→ Exercise inputs
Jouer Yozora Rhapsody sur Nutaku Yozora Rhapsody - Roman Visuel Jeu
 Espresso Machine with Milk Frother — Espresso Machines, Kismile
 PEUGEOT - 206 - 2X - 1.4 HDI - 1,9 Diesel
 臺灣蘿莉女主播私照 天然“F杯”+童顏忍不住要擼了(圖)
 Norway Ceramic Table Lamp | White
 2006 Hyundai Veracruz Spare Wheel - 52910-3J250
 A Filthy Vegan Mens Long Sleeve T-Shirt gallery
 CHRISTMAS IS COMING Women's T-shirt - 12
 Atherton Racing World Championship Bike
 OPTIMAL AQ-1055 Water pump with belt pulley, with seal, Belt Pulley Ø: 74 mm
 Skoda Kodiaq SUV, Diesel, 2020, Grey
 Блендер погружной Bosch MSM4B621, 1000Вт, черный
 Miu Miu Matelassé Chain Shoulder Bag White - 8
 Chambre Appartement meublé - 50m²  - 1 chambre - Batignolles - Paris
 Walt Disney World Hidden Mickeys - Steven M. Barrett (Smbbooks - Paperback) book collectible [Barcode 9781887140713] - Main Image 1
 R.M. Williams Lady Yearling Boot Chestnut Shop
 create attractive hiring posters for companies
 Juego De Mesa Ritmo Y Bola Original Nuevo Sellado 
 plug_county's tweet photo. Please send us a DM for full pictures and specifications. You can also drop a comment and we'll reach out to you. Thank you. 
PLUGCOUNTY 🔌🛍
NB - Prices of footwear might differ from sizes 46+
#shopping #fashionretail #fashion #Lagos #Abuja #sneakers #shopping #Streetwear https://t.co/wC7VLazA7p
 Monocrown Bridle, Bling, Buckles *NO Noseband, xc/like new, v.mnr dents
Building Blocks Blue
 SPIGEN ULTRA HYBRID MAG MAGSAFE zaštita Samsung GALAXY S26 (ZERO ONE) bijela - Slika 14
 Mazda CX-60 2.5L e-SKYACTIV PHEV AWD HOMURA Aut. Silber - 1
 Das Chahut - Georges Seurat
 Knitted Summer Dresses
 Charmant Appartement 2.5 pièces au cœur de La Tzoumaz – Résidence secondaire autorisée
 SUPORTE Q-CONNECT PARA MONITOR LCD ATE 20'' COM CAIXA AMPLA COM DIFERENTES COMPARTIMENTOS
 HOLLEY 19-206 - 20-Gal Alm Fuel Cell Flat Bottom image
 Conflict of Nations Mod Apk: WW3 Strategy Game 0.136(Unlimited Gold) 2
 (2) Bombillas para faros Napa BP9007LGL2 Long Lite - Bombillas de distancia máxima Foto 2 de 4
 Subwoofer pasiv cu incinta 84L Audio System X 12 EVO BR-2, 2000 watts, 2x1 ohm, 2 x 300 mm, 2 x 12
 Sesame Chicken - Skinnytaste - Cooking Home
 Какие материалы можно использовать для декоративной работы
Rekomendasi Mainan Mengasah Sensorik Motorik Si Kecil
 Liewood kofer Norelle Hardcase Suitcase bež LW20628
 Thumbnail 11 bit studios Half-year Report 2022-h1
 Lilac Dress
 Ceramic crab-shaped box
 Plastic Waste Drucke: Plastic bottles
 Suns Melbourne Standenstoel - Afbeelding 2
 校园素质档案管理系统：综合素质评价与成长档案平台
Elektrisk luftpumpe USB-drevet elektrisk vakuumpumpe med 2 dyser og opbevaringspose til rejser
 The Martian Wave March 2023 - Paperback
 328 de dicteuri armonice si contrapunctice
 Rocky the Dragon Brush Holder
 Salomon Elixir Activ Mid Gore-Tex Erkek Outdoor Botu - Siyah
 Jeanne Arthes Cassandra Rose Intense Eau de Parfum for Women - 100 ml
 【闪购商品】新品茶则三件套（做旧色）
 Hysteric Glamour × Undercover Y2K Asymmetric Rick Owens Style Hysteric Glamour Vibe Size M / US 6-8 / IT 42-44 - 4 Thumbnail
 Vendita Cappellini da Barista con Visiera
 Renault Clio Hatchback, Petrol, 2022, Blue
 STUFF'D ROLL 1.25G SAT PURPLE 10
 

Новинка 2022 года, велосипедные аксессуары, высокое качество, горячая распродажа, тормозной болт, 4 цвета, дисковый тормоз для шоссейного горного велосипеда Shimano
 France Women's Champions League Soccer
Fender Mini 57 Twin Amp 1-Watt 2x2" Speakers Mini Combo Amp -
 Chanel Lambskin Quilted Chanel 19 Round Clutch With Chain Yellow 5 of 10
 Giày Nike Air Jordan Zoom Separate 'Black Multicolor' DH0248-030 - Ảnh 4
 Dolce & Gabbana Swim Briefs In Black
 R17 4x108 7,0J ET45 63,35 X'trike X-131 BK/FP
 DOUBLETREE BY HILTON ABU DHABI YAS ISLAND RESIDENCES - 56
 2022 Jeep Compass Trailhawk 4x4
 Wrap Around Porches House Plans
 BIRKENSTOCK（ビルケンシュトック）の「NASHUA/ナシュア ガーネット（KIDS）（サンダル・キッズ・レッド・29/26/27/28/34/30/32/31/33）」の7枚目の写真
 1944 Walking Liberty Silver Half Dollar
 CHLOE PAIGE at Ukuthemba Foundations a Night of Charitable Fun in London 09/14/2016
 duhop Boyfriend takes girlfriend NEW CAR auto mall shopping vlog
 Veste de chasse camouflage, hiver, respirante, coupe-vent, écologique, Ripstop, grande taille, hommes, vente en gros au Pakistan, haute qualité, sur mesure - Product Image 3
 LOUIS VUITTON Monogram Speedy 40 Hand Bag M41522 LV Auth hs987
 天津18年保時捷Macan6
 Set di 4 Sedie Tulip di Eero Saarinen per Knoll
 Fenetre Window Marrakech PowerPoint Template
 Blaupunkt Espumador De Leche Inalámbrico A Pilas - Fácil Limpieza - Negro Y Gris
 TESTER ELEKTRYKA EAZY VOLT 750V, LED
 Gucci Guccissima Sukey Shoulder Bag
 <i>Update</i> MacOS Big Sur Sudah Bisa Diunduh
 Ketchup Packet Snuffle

→ Goal of the exercise
Give back the whole listing above, identical in every line.

→ Result for this exercise
Jouer Yozora Rhapsody sur Nutaku Yozora Rhapsody - Roman Visuel Jeu
 Espresso Machine with Milk Frother — Espresso Machines, Kismile
 PEUGEOT - 206 - 2X - 1.4 HDI - 1,9 Diesel
 臺灣蘿莉女主播私照 天然“F杯”+童顏忍不住要擼了(圖)
 Norway Ceramic Table Lamp | White
 2006 Hyundai Veracruz Spare Wheel - 52910-3J250
 A Filthy Vegan Mens Long Sleeve T-Shirt gallery
 CHRISTMAS IS COMING Women's T-shirt - 12
 Atherton Racing World Championship Bike
 OPTIMAL AQ-1055 Water pump with belt pulley, with seal, Belt Pulley Ø: 74 mm
 Skoda Kodiaq SUV, Diesel, 2020, Grey
 Блендер погружной Bosch MSM4B621, 1000Вт, черный
 Miu Miu Matelassé Chain Shoulder Bag White - 8
 Chambre Appartement meublé - 50m²  - 1 chambre - Batignolles - Paris
 Walt Disney World Hidden Mickeys - Steven M. Barrett (Smbbooks - Paperback) book collectible [Barcode 9781887140713] - Main Image 1
 R.M. Williams Lady Yearling Boot Chestnut Shop
 create attractive hiring posters for companies
 Juego De Mesa Ritmo Y Bola Original Nuevo Sellado 
 plug_county's tweet photo. Please send us a DM for full pictures and specifications. You can also drop a comment and we'll reach out to you. Thank you. 
PLUGCOUNTY 🔌🛍
NB - Prices of footwear might differ from sizes 46+
#shopping #fashionretail #fashion #Lagos #Abuja #sneakers #shopping #Streetwear https://t.co/wC7VLazA7p
 Monocrown Bridle, Bling, Buckles *NO Noseband, xc/like new, v.mnr dents
Building Blocks Blue
 SPIGEN ULTRA HYBRID MAG MAGSAFE zaštita Samsung GALAXY S26 (ZERO ONE) bijela - Slika 14
 Mazda CX-60 2.5L e-SKYACTIV PHEV AWD HOMURA Aut. Silber - 1
 Das Chahut - Georges Seurat
 Knitted Summer Dresses
 Charmant Appartement 2.5 pièces au cœur de La Tzoumaz – Résidence secondaire autorisée
 SUPORTE Q-CONNECT PARA MONITOR LCD ATE 20'' COM CAIXA AMPLA COM DIFERENTES COMPARTIMENTOS
 HOLLEY 19-206 - 20-Gal Alm Fuel Cell Flat Bottom image
 Conflict of Nations Mod Apk: WW3 Strategy Game 0.136(Unlimited Gold) 2
 (2) Bombillas para faros Napa BP9007LGL2 Long Lite - Bombillas de distancia máxima Foto 2 de 4
 Subwoofer pasiv cu incinta 84L Audio System X 12 EVO BR-2, 2000 watts, 2x1 ohm, 2 x 300 mm, 2 x 12
 Sesame Chicken - Skinnytaste - Cooking Home
 Какие материалы можно использовать для декоративной работы
Rekomendasi Mainan Mengasah Sensorik Motorik Si Kecil
 Liewood kofer Norelle Hardcase Suitcase bež LW20628
 Thumbnail 11 bit studios Half-year Report 2022-h1
 Lilac Dress
 Ceramic crab-shaped box
 Plastic Waste Drucke: Plastic bottles
 Suns Melbourne Standenstoel - Afbeelding 2
 校园素质档案管理系统：综合素质评价与成长档案平台
Elektrisk luftpumpe USB-drevet elektrisk vakuumpumpe med 2 dyser og opbevaringspose til rejser
 The Martian Wave March 2023 - Paperback
 328 de dicteuri armonice si contrapunctice
 Rocky the Dragon Brush Holder
 Salomon Elixir Activ Mid Gore-Tex Erkek Outdoor Botu - Siyah
 Jeanne Arthes Cassandra Rose Intense Eau de Parfum for Women - 100 ml
 【闪购商品】新品茶则三件套（做旧色）
 Hysteric Glamour × Undercover Y2K Asymmetric Rick Owens Style Hysteric Glamour Vibe Size M / US 6-8 / IT 42-44 - 4 Thumbnail
 Vendita Cappellini da Barista con Visiera
 Renault Clio Hatchback, Petrol, 2022, Blue
 STUFF'D ROLL 1.25G SAT PURPLE 10
 

Новинка 2022 года, велосипедные аксессуары, высокое качество, горячая распродажа, тормозной болт, 4 цвета, дисковый тормоз для шоссейного горного велосипеда Shimano
 France Women's Champions League Soccer
Fender Mini 57 Twin Amp 1-Watt 2x2" Speakers Mini Combo Amp -
 Chanel Lambskin Quilted Chanel 19 Round Clutch With Chain Yellow 5 of 10
 Giày Nike Air Jordan Zoom Separate 'Black Multicolor' DH0248-030 - Ảnh 4
 Dolce & Gabbana Swim Briefs In Black
 R17 4x108 7,0J ET45 63,35 X'trike X-131 BK/FP
 DOUBLETREE BY HILTON ABU DHABI YAS ISLAND RESIDENCES - 56
 2022 Jeep Compass Trailhawk 4x4
 Wrap Around Porches House Plans
 BIRKENSTOCK（ビルケンシュトック）の「NASHUA/ナシュア ガーネット（KIDS）（サンダル・キッズ・レッド・29/26/27/28/34/30/32/31/33）」の7枚目の写真
 1944 Walking Liberty Silver Half Dollar
 CHLOE PAIGE at Ukuthemba Foundations a Night of Charitable Fun in London 09/14/2016
 duhop Boyfriend takes girlfriend NEW CAR auto mall shopping vlog
 Veste de chasse camouflage, hiver, respirante, coupe-vent, écologique, Ripstop, grande taille, hommes, vente en gros au Pakistan, haute qualité, sur mesure - Product Image 3
 LOUIS VUITTON Monogram Speedy 40 Hand Bag M41522 LV Auth hs987
 天津18年保時捷Macan6
 Set di 4 Sedie Tulip di Eero Saarinen per Knoll
 Fenetre Window Marrakech PowerPoint Template
 Blaupunkt Espumador De Leche Inalámbrico A Pilas - Fácil Limpieza - Negro Y Gris
 TESTER ELEKTRYKA EAZY VOLT 750V, LED
 Gucci Guccissima Sukey Shoulder Bag
 <i>Update</i> MacOS Big Sur Sudah Bisa Diunduh
 Ketchup Packet Snuffle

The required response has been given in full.